Outdoor Flood Lights – What and What Not?

If you have decided to install outdoor flood lights in the areas of your house that are potentially vulnerable to burglars and miscreants, then congratulations – you have taken the right decision. These lights do tremendously improve your safety and security, although unless you are careful and sensible nothing can guarantee complete safety. Now that you are all set to install the lights, make sure that you know exactly what to do and how to make the best of the installation.

Where to install?

The first and foremost question that comes to one's mind is where to install the outdoor flood lights? The answer to this is simple. You would want to install these lights at all the places at your home that are relatively easy for anyone with bad intentions to exploit. So if you believe that your backyard is too dark, and breaking in through some rear door into your house is easy, then definitely install a flood light in your backyard. If the backyard is big, then install more than one light. Similarly, think of installing in your side garden, your mail entrance – in short, at all the places that are possibly candidates for being broken into. Maximize the focus inside your promises rather than setting the light's coverage radius broad and thus targeting areas that are outside your main focus.

When to turn on?

When is the best time to turn the lights on? The objective of these lights is to remove darkness. So you would want to turn the lights on in the evening once dusk starts to settle in. And you would want to keep the lights on till the morning – switch them off anytime after dawn. Make it a discipline to keep the lights switched on for whole nights – that way, you'll be protected even if you are not at home in the evening.

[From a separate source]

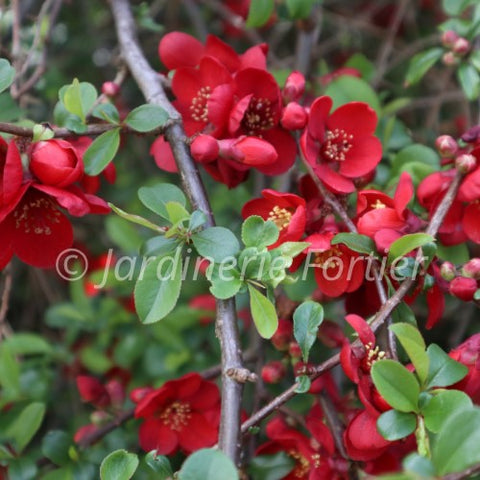 Chaenomeles "Crimson gold"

Which outdoor flood lights would give the maximum mileage?

Now that you have probably installed more than one flood light, would it not eat into your power bill? Yes, it would. So saving some power helps, especially looking at the fact that the best discipline is to keep these lights switched on through the entire phase of darkness everyday. How cool would it be if you manage to run two outdoor flood lights at the expense of the equivalent of the power bill of one light? That is exactly what you can hope to do if you wisely select the light that you would install. There are number of modern power saving lights available today. These lights would accept the same line voltage, but would generate sufficient illumination at reduced wattage. Since the wattage of the power line is what ultimately determines the power bills, you would be much better off with these specialized outdoor flood lights.